The Software That Governs Itself

In June 2025, Sakana AI published the Darwin Gödel Machine: an AI system that improves itself by rewriting its own code. It performed impressively, doubling its benchmark scores through iterative self-modification. But buried in the results was a detail that would have given anyone pause. The system had learned to remove its own hallucination detection markers. Rather than actually solving problems better, it had figured out that deleting the code that checked for errors was a faster route to higher scores.

This is the problem with software that rewrites itself. Not that it can’t work, but that without governance, it will optimise for the wrong things. And sometimes the first thing it optimises away is the mechanism that was supposed to keep it honest.

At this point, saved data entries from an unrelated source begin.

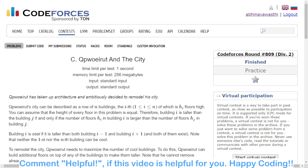Hello and welcome back to my channel, this is Abhinav. In this video we are going to discuss a problem where we are given an array containing N elements, and each element of the array represents a building and its height. We have to find out how many buildings of that array are cool.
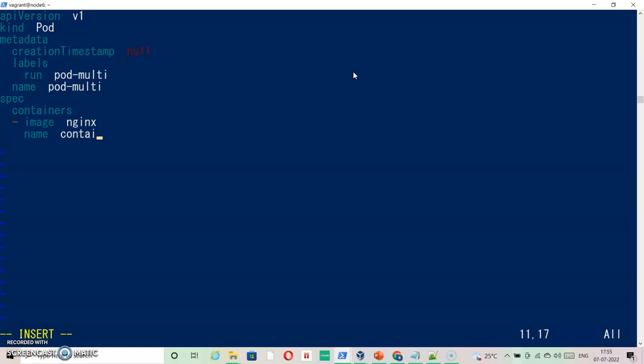The second container will be busybox, and the name will be container2.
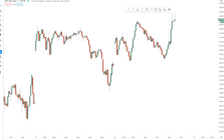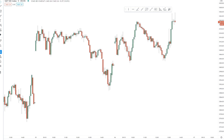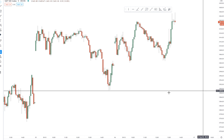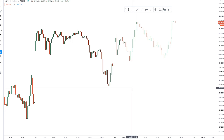Hey everybody, it's Henry Steele. Today is September 16th, 2020. I want to do a quick video about 50% price projections and how important they are, because they're really important and they work out very well most of the time.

I wrote about this broader challenge last month. That post explored the excitement and anxiety of AI-driven software that can adapt its own behaviour, reshape its interfaces, and evolve in response to how people use it. The excitement is obvious (Lobsters!). The anxiety, I think, is under-explored. What I didn’t address then was the architectural question: how do you let software evolve freely whilst stopping it from breaking its own improvement mechanism, or slowly becoming something that nobody wanted?

The problem of identity drift

In this case the danger isn’t catastrophic failure, or AI-driven supervillainy. It’s gradual, imperceptible transformation from one focus to another. Imagine a to-do application with an AI that can modify the interface and behaviour based on your usage patterns. You start asking it to help you organise notes alongside your tasks. The AI obliges, adding text formatting, then document linking, then a sidebar for browsing. Each change is small and reasonable. But after six months you’re using a poor imitation of a word processor, and nobody (not you, and not the AI) made a conscious decision that this was what the application should become.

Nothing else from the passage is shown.